Action item: Please find the number of lines in the material below where the string "corrente" occurs, and give only that number.

#### Material supplied ####

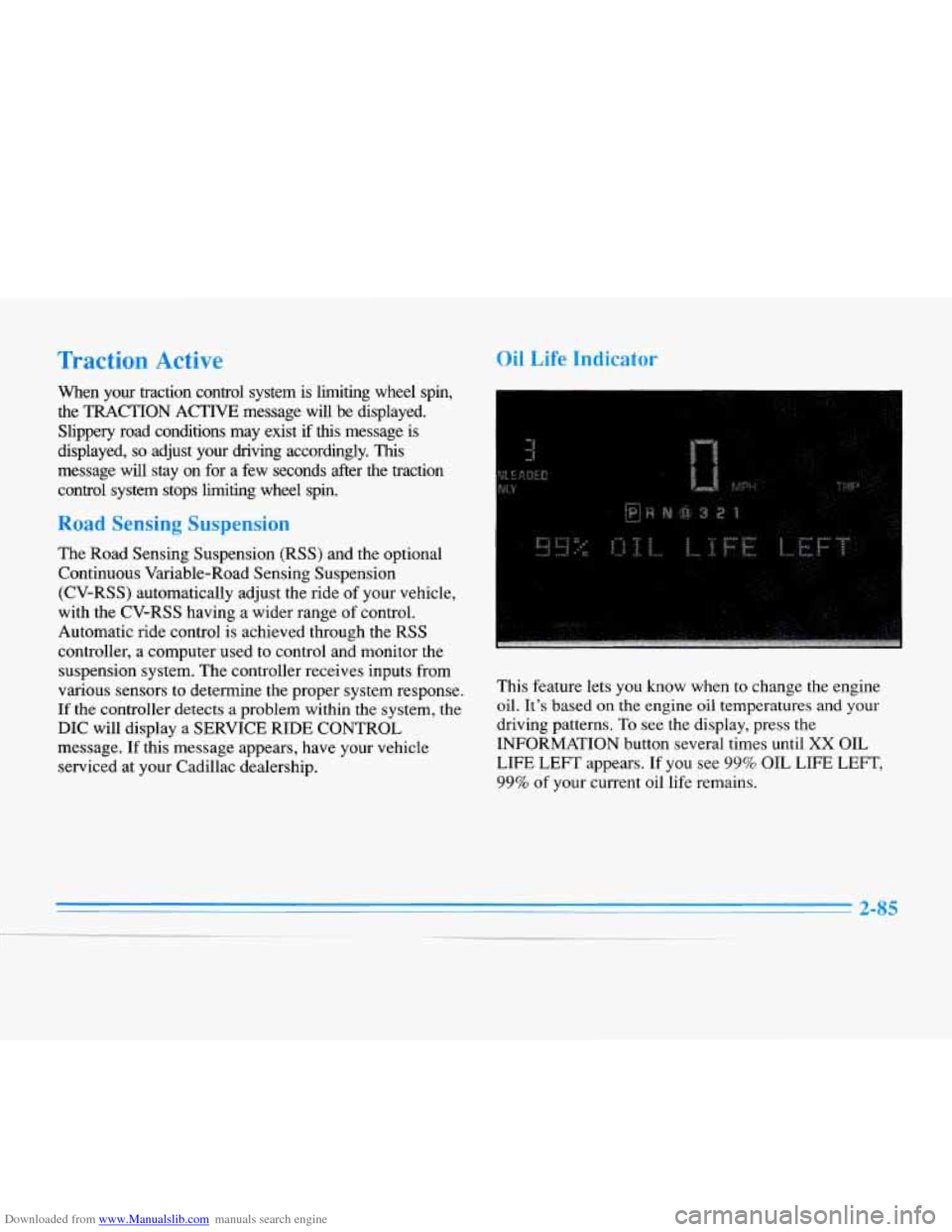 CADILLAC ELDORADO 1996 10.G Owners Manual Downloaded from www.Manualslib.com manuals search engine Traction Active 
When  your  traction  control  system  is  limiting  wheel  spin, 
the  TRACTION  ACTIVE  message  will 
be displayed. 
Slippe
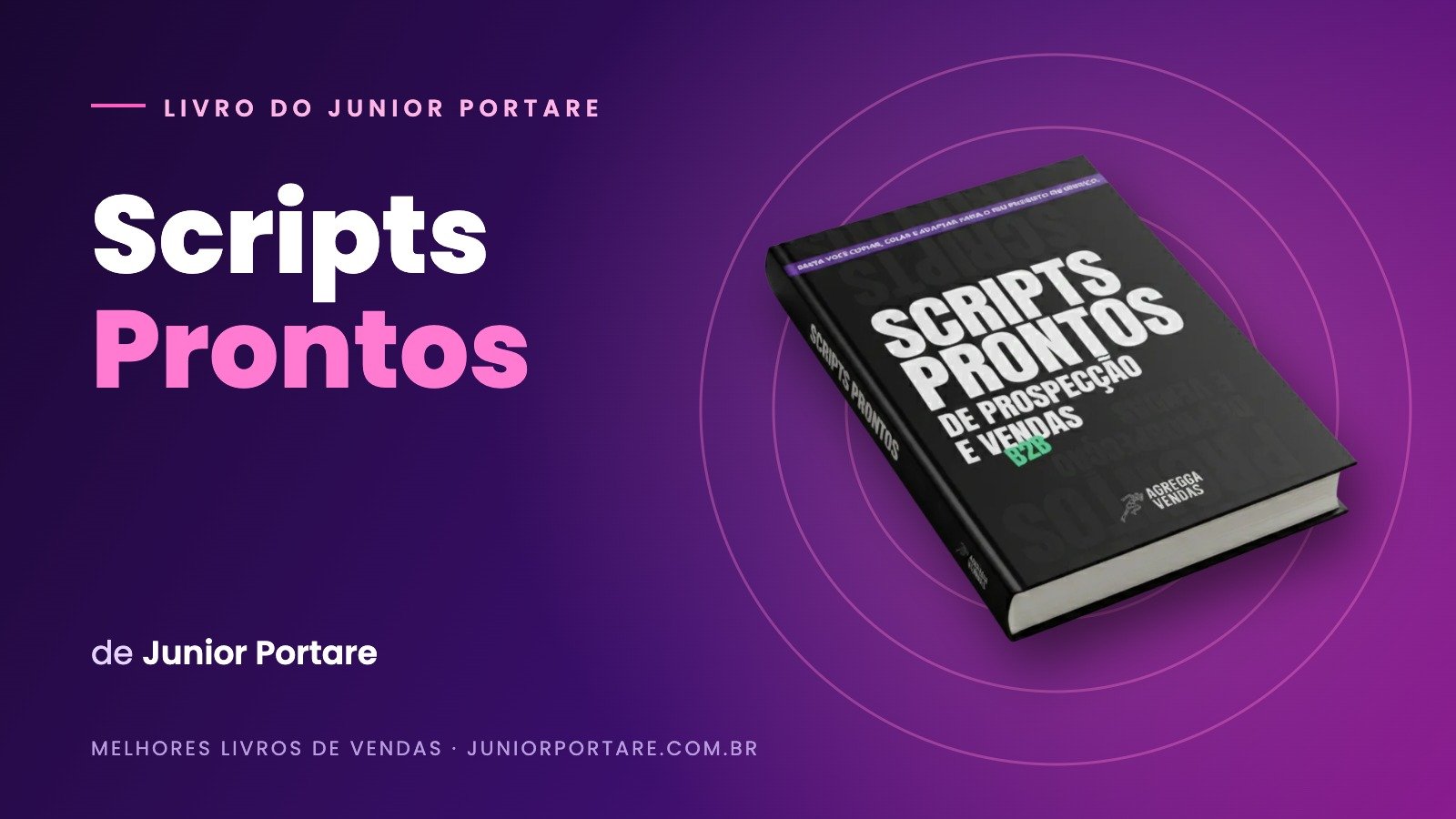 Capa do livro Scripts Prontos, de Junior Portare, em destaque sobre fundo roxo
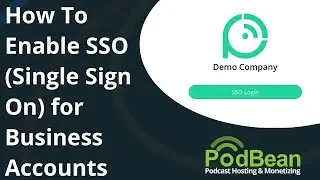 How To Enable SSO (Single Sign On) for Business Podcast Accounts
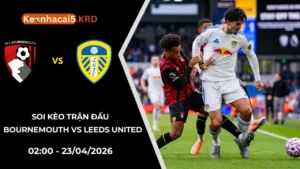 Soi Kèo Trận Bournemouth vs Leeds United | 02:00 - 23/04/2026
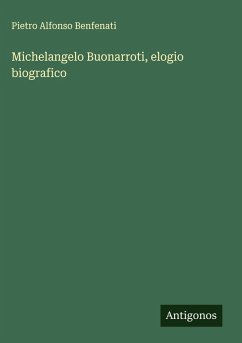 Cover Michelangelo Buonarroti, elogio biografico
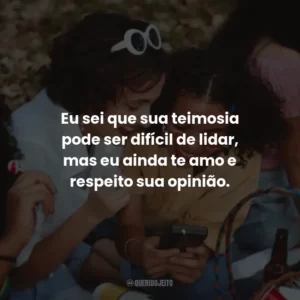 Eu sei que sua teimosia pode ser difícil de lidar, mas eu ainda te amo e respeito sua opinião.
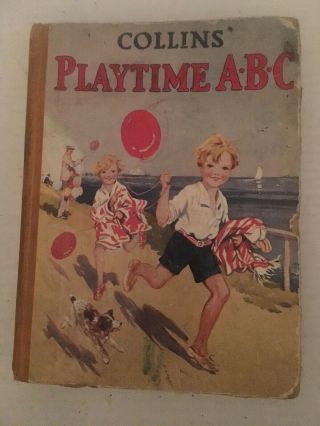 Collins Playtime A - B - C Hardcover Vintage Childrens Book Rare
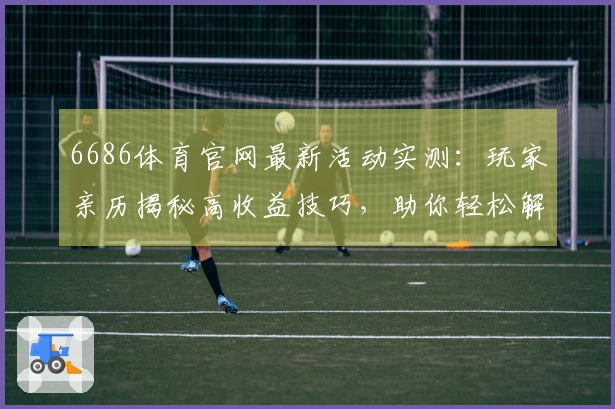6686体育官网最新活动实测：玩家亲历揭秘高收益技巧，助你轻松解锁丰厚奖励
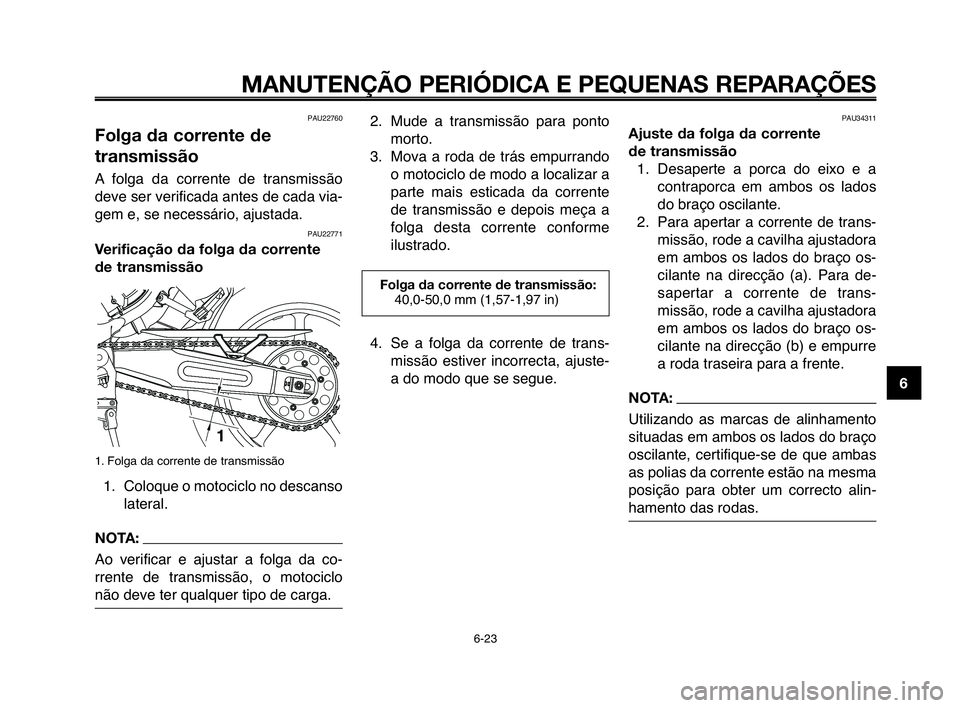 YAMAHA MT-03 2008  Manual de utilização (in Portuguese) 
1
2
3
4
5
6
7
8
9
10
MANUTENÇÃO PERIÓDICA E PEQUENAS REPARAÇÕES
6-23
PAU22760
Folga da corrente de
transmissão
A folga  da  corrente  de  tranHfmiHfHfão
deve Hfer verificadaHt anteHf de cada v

####

Task output: 2